Using script component
Similar to the previous approach, you can use a script component to split one input into multiple outputs. There are two approaches that you can use:
- Add a multiple output buffer within the script component and use a script to distribute rows over outputs. More details can be found at: Conditional Multicast Script
- Add a new column in the output buffer and use a script to store the column index within this column. Then, outside the script component, use a conditional split to distribute the script component output into multiple outputs
Balanced Data Distributor installation error
We’ve often received questions about SSIS Balanced Data Distributor installation error since the standalone package throws the following error:
Problem with this Windows installer package. A program run as part of the installation did not finish as expected. Contact your support personnel or package vendor
In general, the package installation throws this exception in two cases:
- The installation requires administrative privileges (can be solved by running the package as an administrator)
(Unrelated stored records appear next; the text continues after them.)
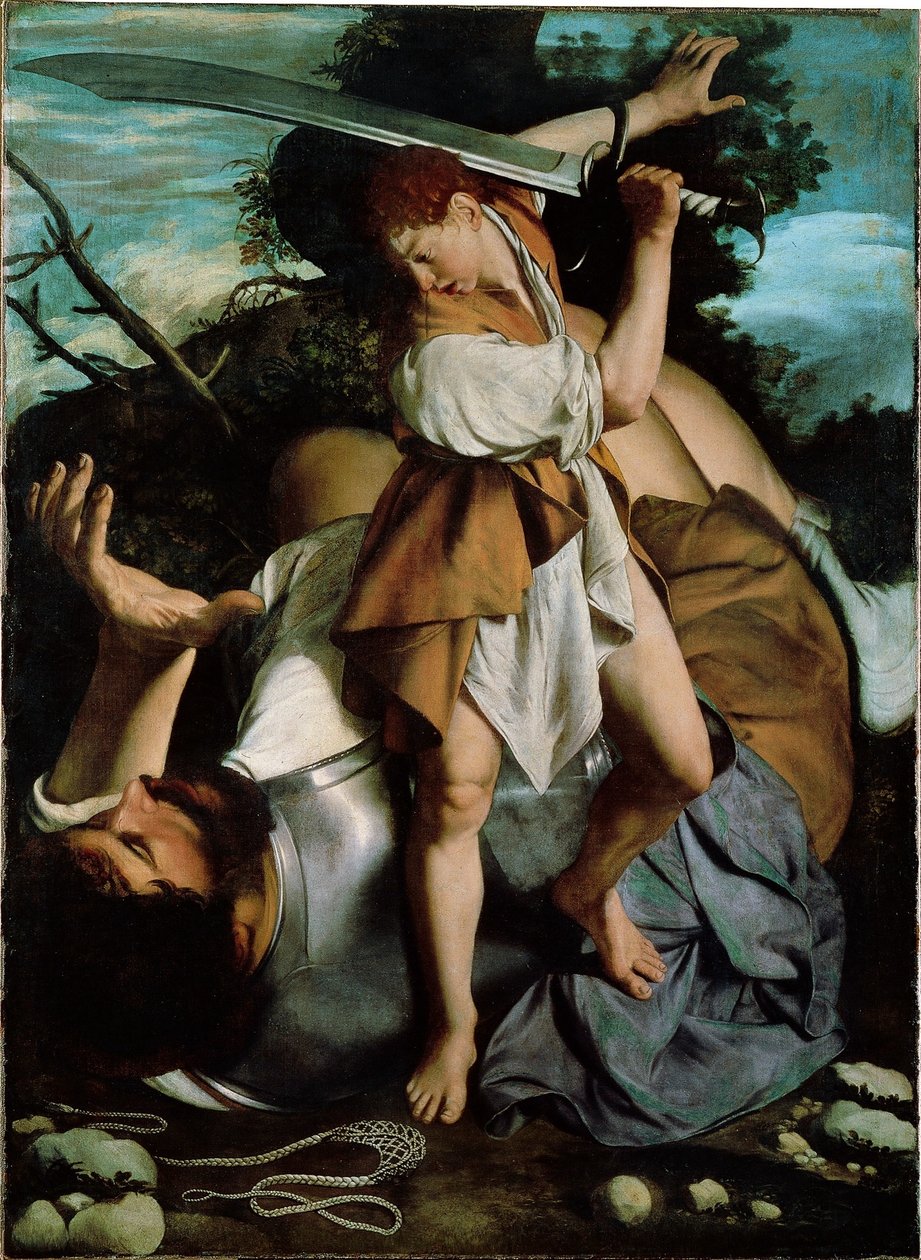 David e Golias de Orazio Gentileschi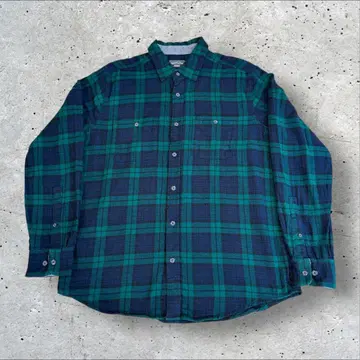 에디 바우어 블랙워치 체크 플란넬 셔츠 남성용 L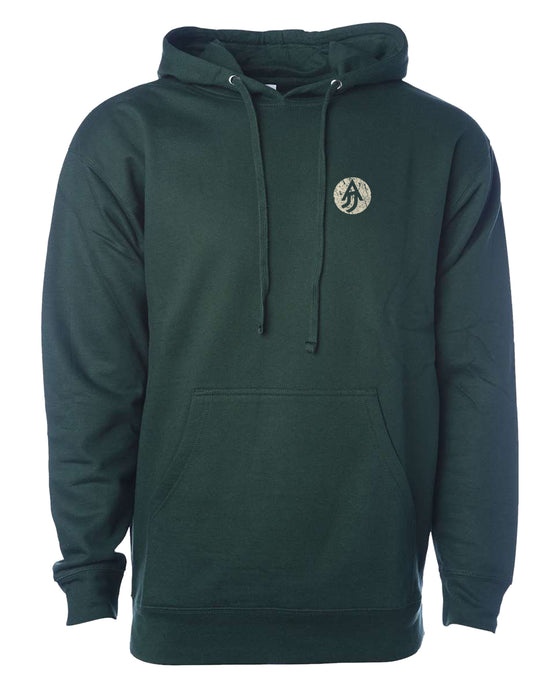 A Justified Journey Moose Logo Hooded Sweatshirt - Forest Green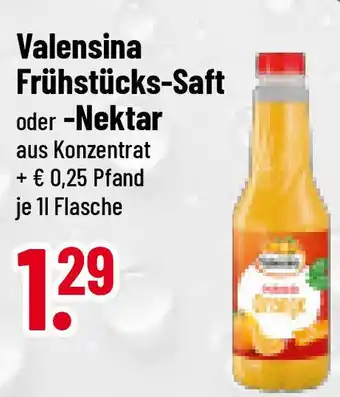 trinkgut Valensina Frühstücks-Saft oder -Nektar 1L Angebot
- The assemblies cannot be registered in the global cache assembly and need to be registered manually. In this case, refer to this answer on Stack Overflow since it contains a step-by-step solution: SSIS Balanced Data Distributor Installation Error
SSIS Balanced Data Distributor is an efficient solution to implement multi-threading within SSIS packages introduced with SQL Server 2012. In order to maximize the BDD performance, we have to well configure DefaultBufferMaxRows and DefaultBufferSize properties in the Data Flow Task based on the machine resources, the data volume and number of BDD outputs.
When using the previous version of SQL Server 2012, there are many alternatives to implement multi-threading, such as using a conditional split or a script component transformation.